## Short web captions
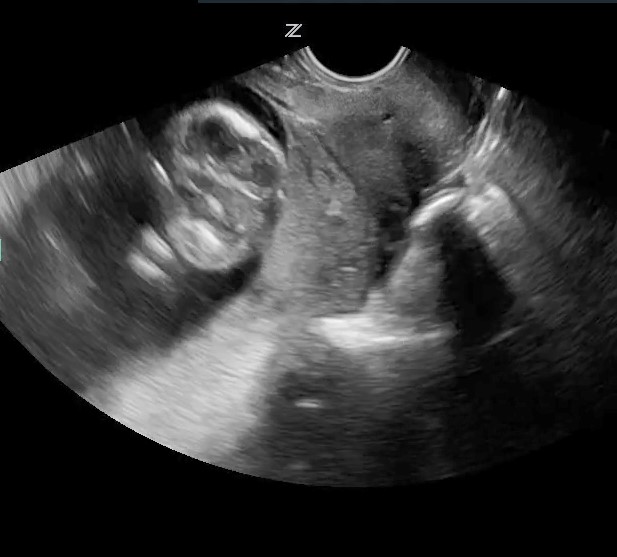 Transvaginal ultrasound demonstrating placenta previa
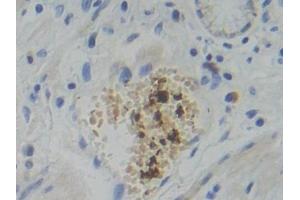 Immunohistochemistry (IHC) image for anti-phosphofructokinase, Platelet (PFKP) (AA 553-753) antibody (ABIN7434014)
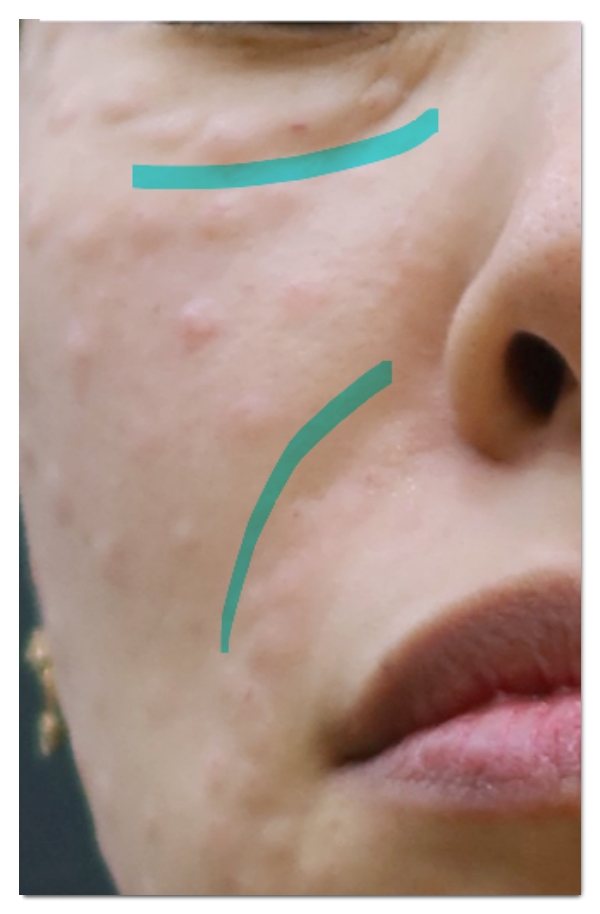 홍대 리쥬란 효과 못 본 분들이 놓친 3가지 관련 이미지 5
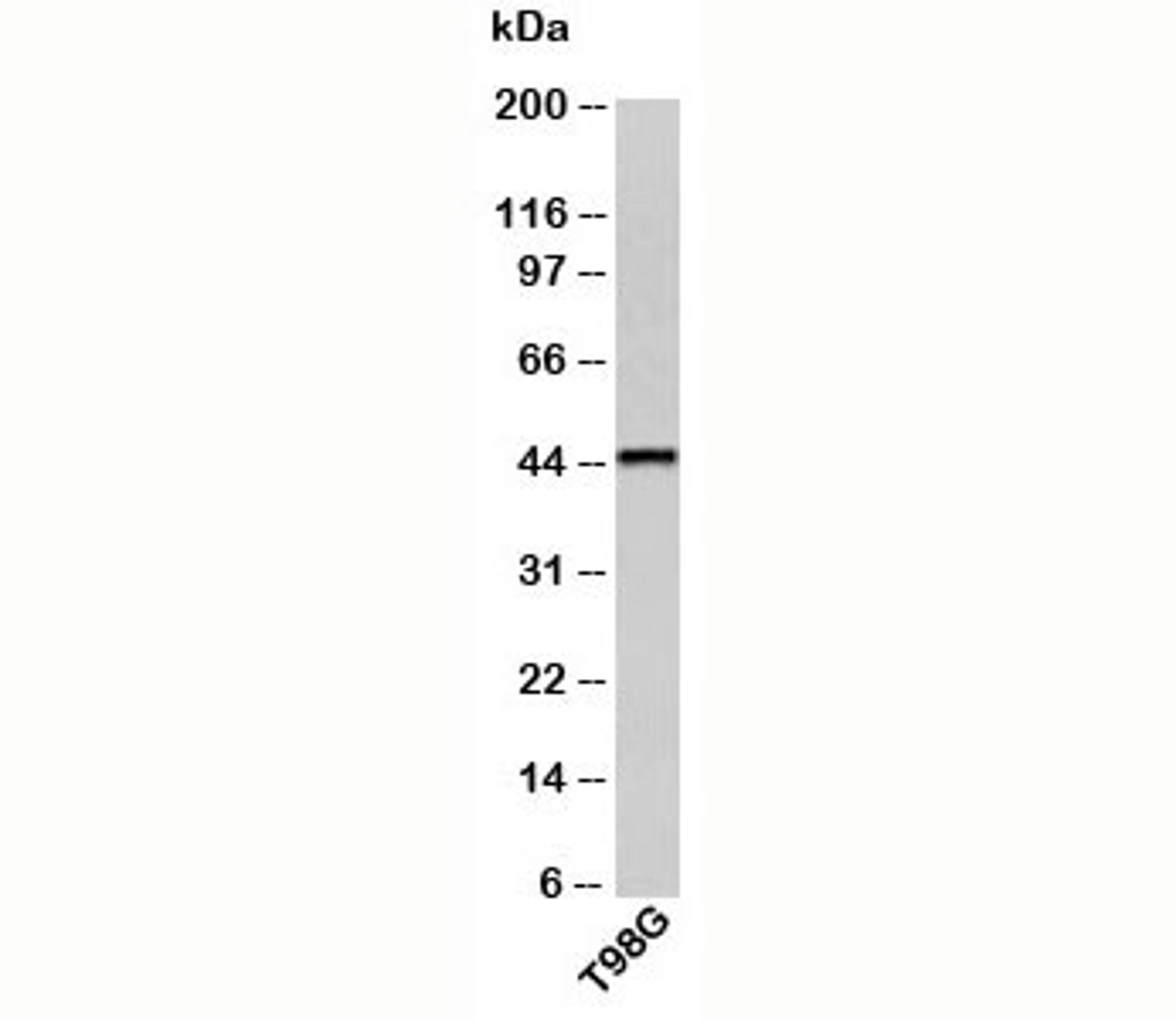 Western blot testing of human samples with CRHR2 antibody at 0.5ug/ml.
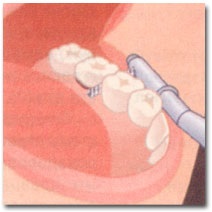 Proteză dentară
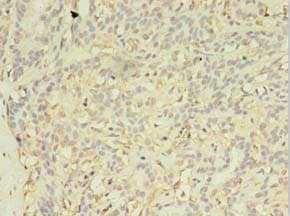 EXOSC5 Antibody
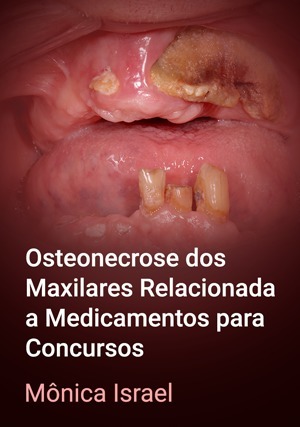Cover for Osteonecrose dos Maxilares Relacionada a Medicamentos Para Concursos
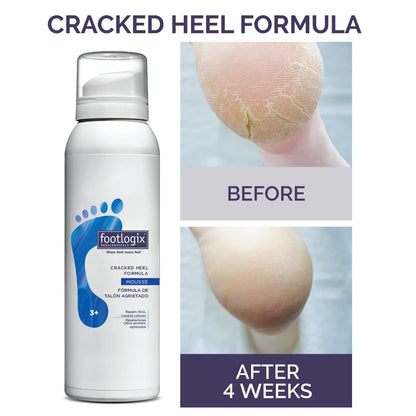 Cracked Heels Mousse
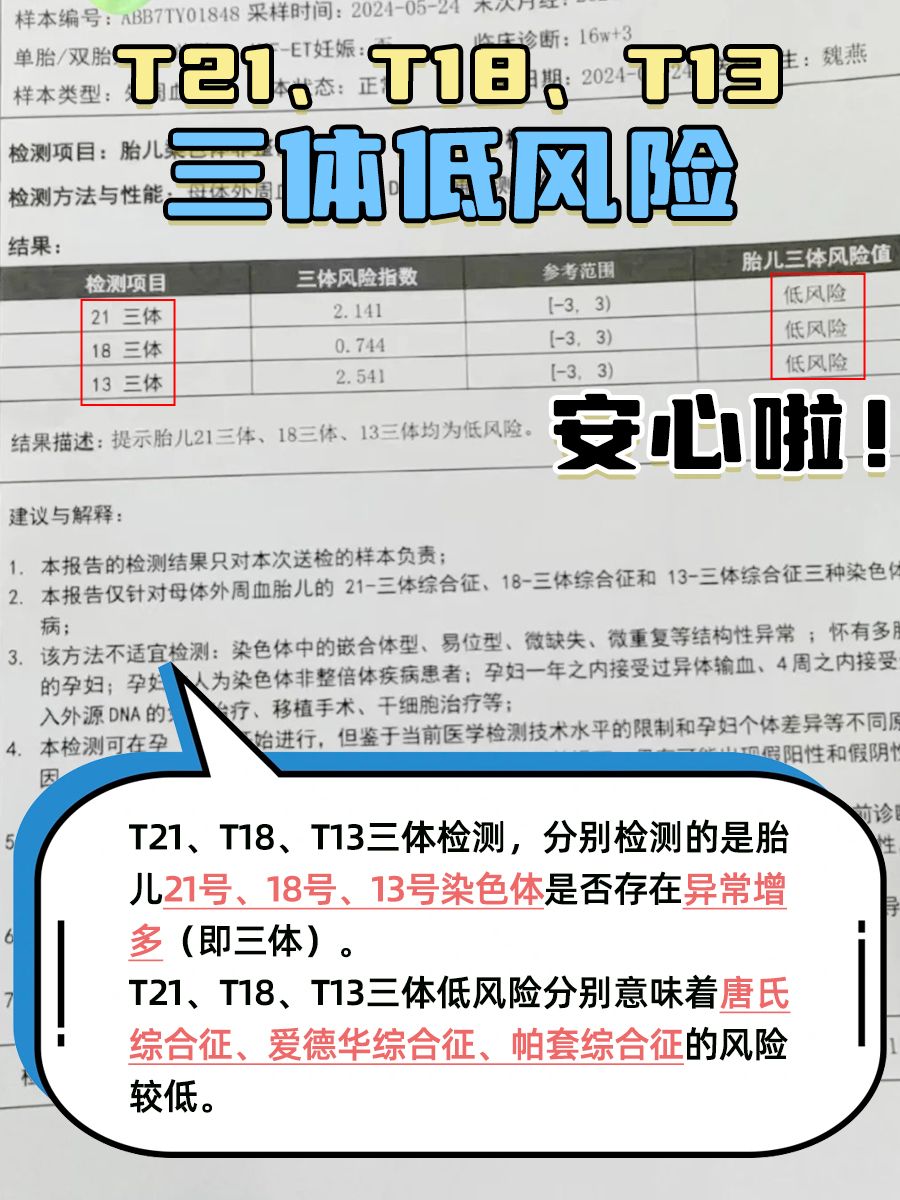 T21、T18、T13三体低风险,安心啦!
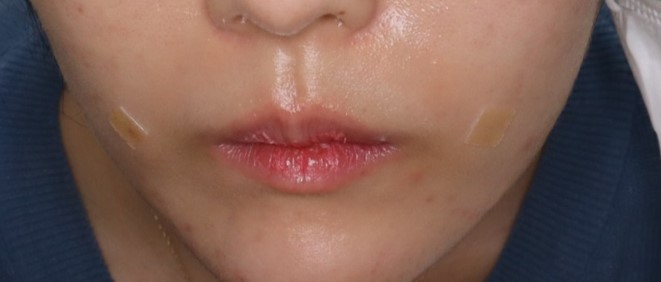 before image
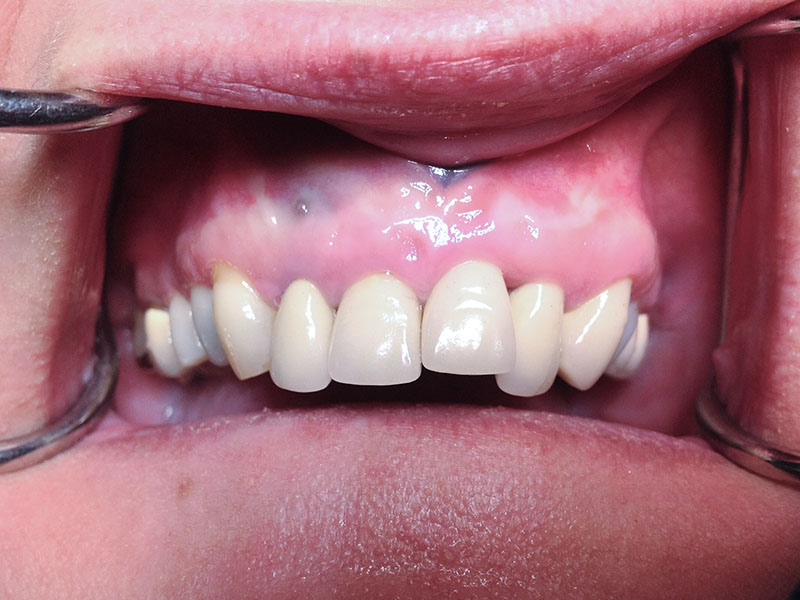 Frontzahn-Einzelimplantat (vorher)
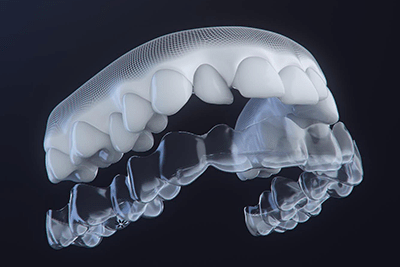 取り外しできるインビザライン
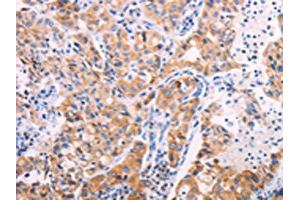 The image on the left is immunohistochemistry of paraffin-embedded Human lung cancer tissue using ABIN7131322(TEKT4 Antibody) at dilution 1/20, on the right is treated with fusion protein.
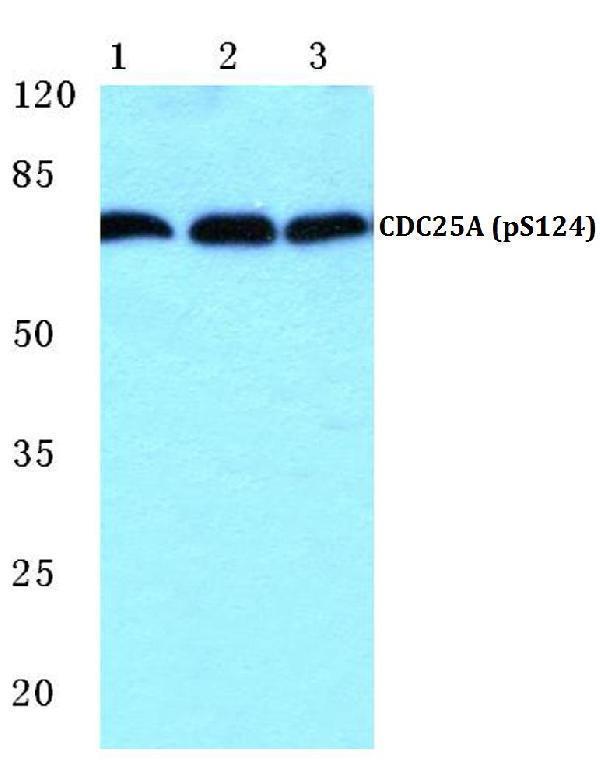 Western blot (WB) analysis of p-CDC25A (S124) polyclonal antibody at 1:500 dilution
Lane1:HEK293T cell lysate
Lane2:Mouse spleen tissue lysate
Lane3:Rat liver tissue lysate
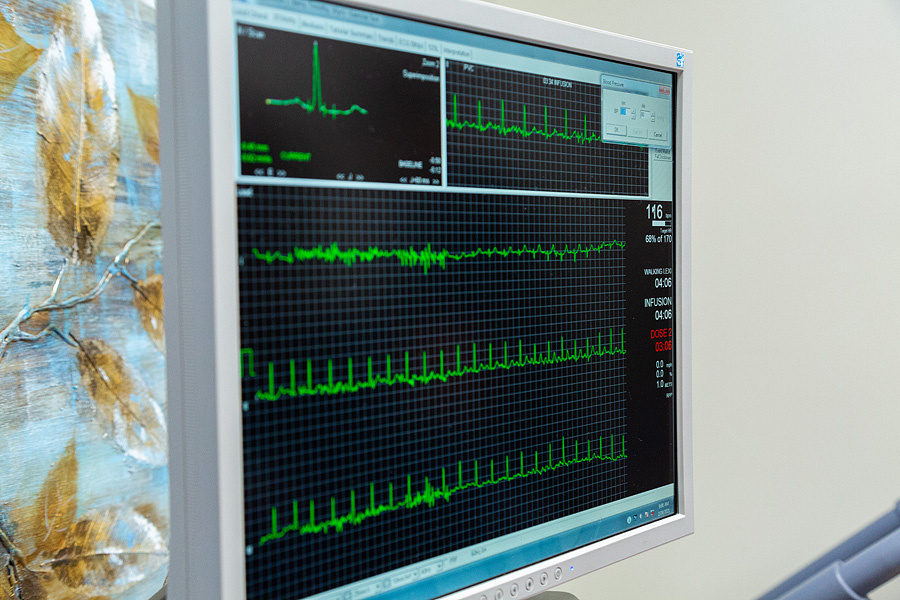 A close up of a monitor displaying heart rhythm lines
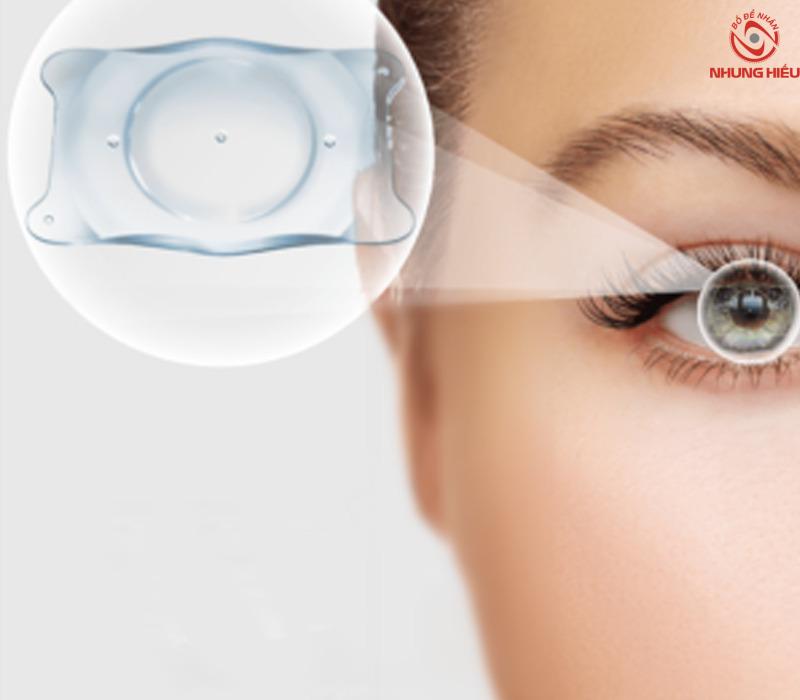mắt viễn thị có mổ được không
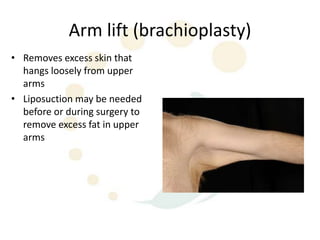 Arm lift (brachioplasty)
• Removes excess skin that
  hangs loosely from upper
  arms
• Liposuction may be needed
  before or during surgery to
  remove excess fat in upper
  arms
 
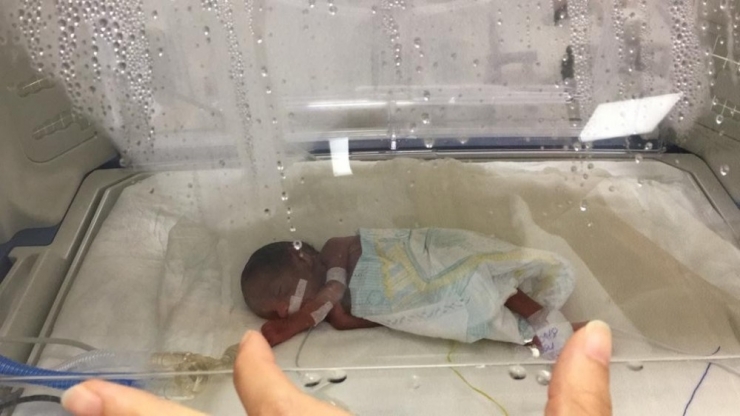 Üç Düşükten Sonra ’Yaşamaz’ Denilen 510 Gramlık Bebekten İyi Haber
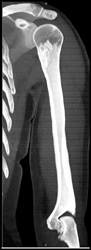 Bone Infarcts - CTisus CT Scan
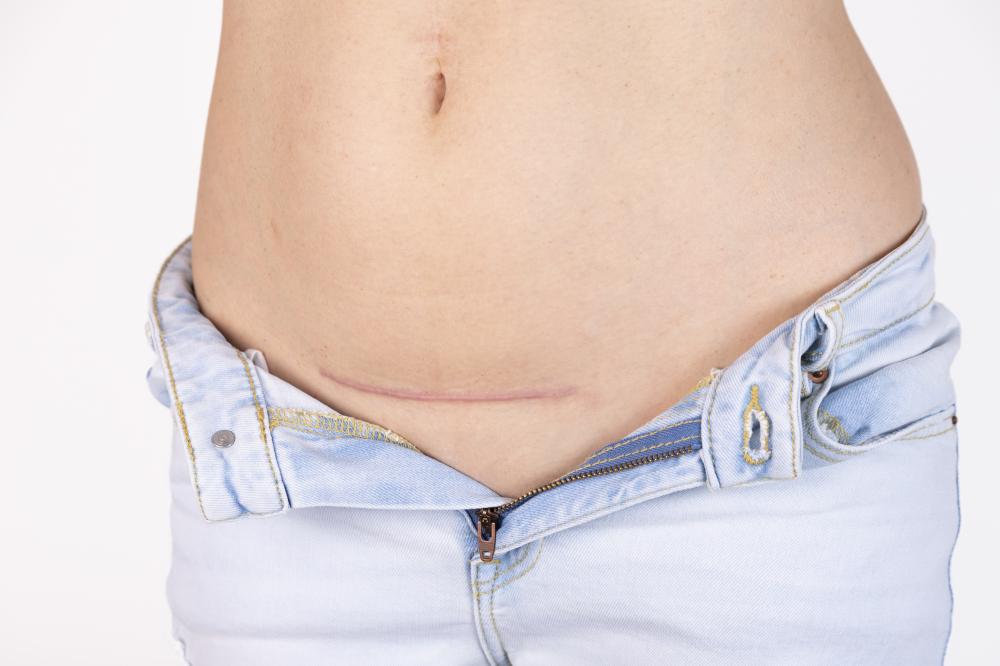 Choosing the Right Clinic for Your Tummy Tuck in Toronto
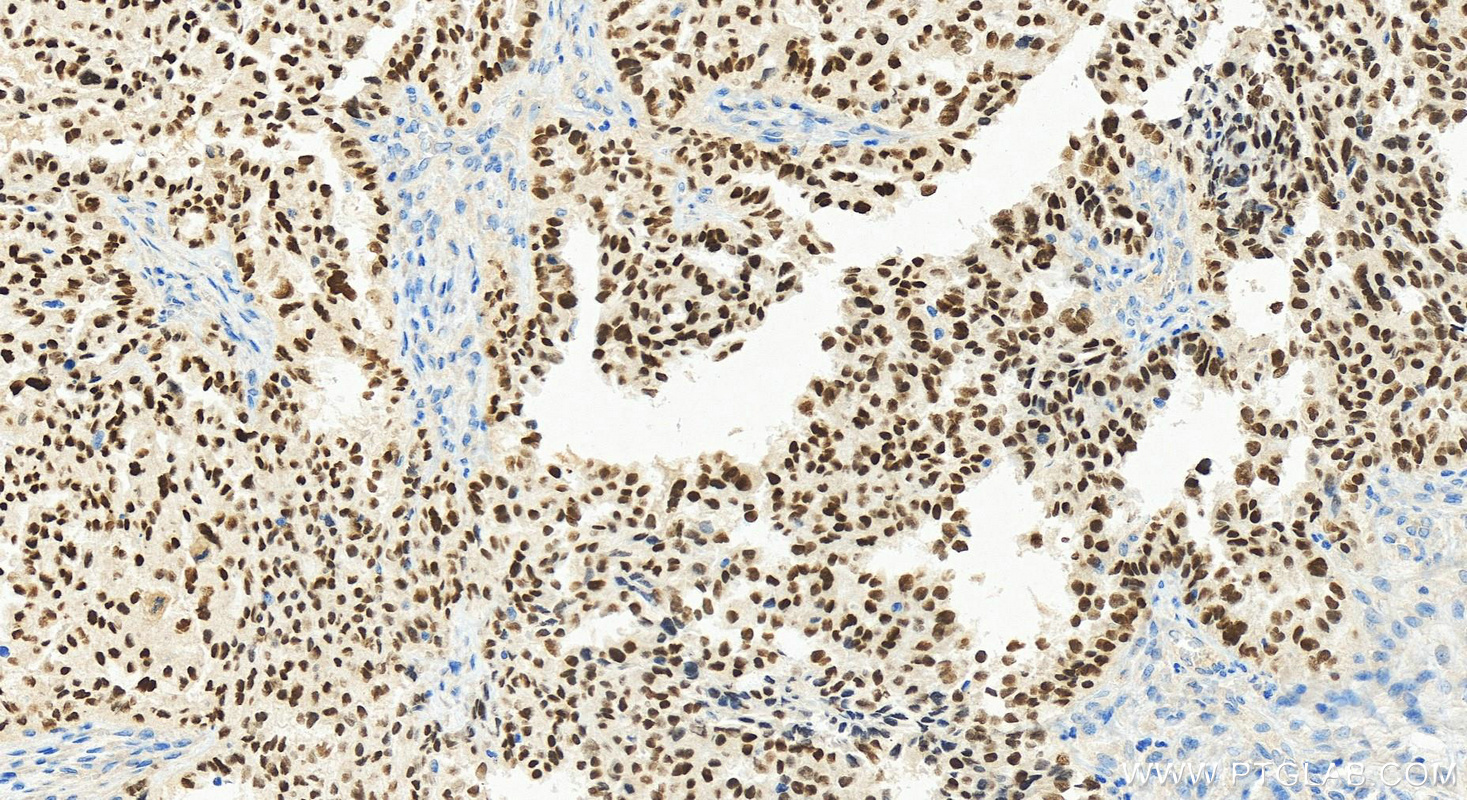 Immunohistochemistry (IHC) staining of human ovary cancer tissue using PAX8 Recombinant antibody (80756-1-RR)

## What to produce
Report every line in the data that holds "lysate", copying each one.

## Response to the task
Lane1:HEK293T cell lysate
Lane2:Mouse spleen tissue lysate
Lane3:Rat liver tissue lysate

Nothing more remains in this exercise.